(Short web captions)

::::::

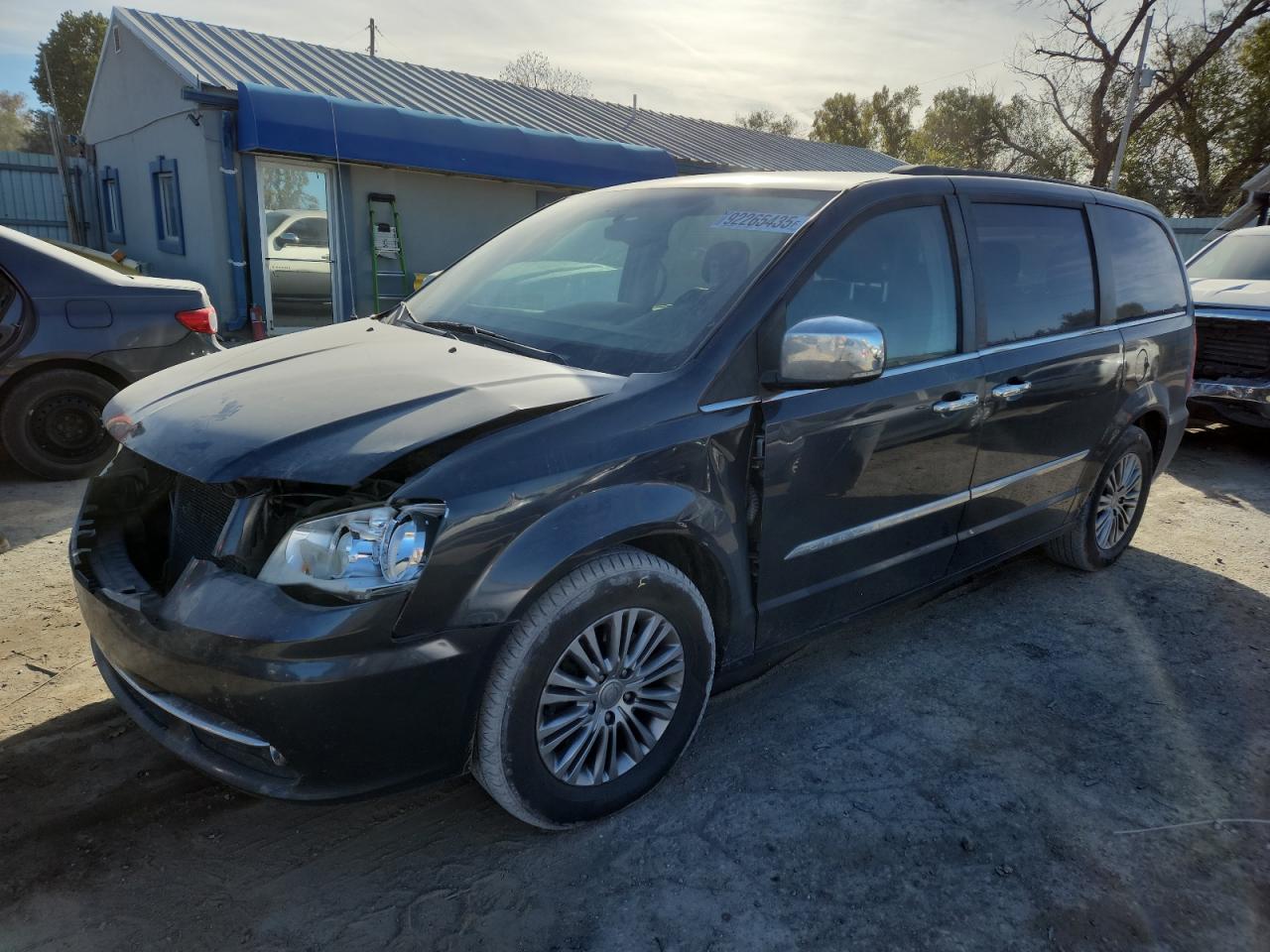 CHRYSLER TOWN & COUNTRY TOURING L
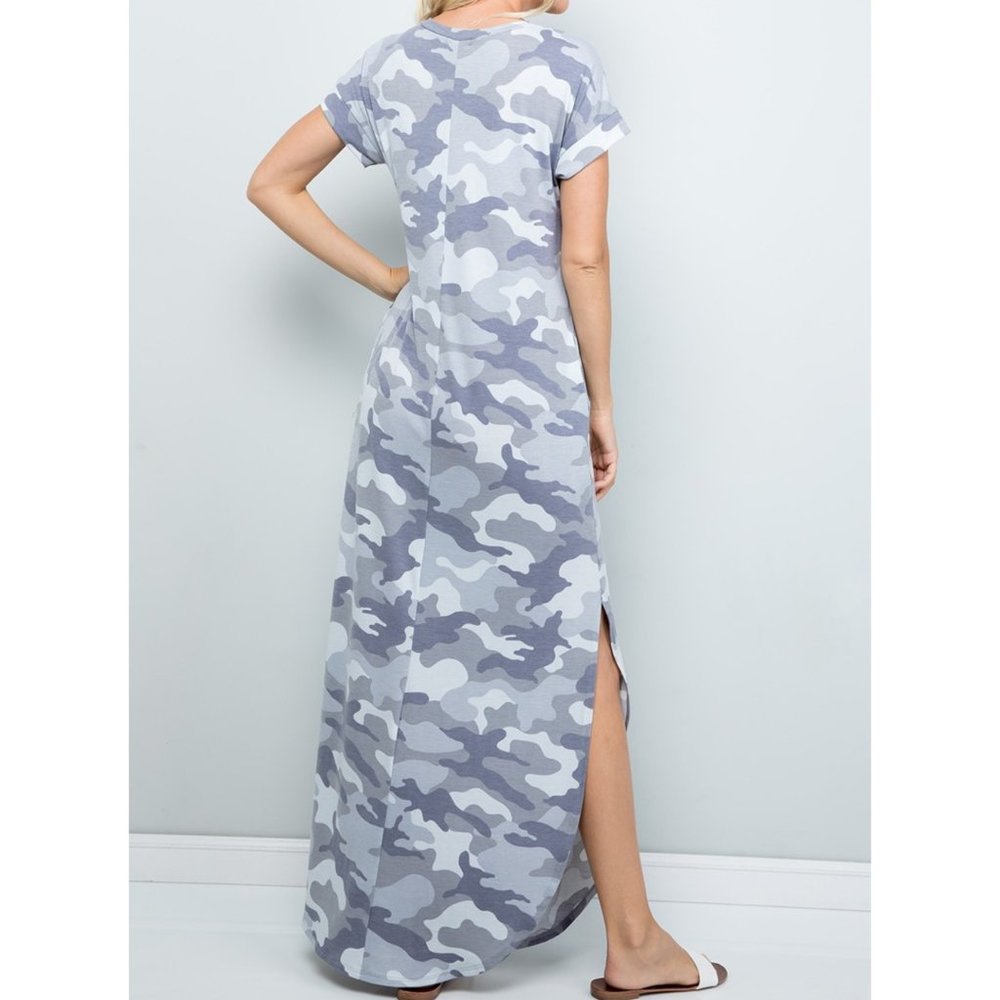 NWT- Women's V-Neck Maxi w/Pockets, Grey Camo - Picture 2 of 8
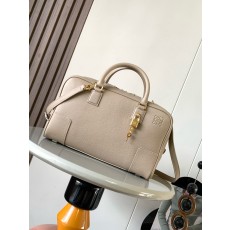 Loewe 로에베 아마조나 28 나파 소가죽백 가방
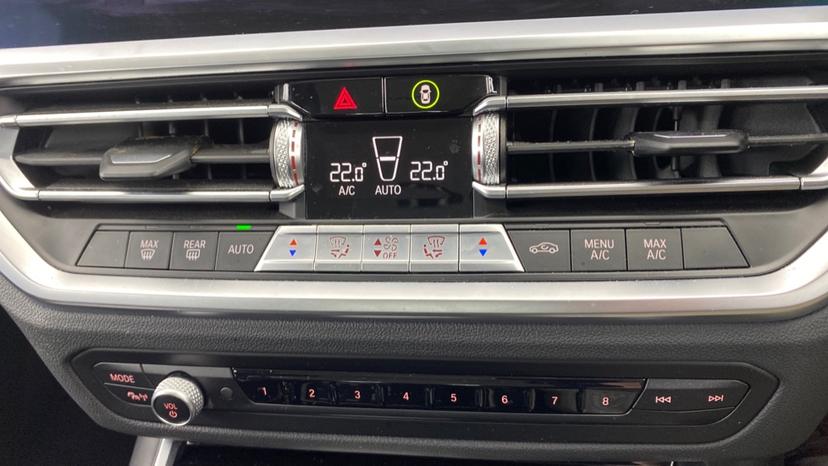 air conditioning and dual Climate control 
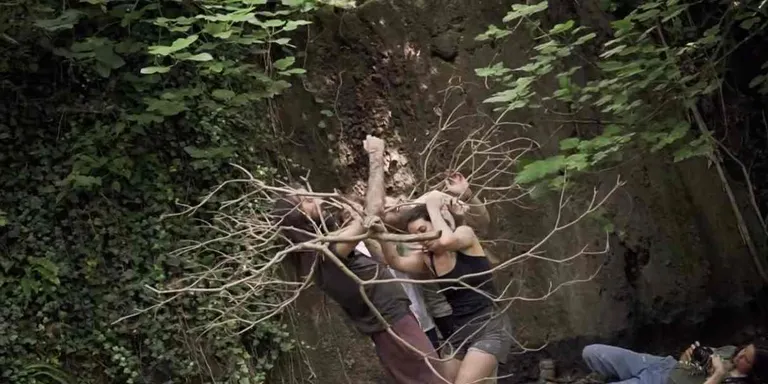 El grup pinedenc Saüc en flor estrena el seu primer videoclip del tema 'Lluu'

::::::

• Exercise brief:
Without including any picture, retype the entries exactly.

• Task solution:
 CHRYSLER TOWN & COUNTRY TOURING L
 NWT- Women's V-Neck Maxi w/Pockets, Grey Camo - Picture 2 of 8
 Loewe 로에베 아마조나 28 나파 소가죽백 가방
 air conditioning and dual Climate control 
 El grup pinedenc Saüc en flor estrena el seu primer videoclip del tema 'Lluu'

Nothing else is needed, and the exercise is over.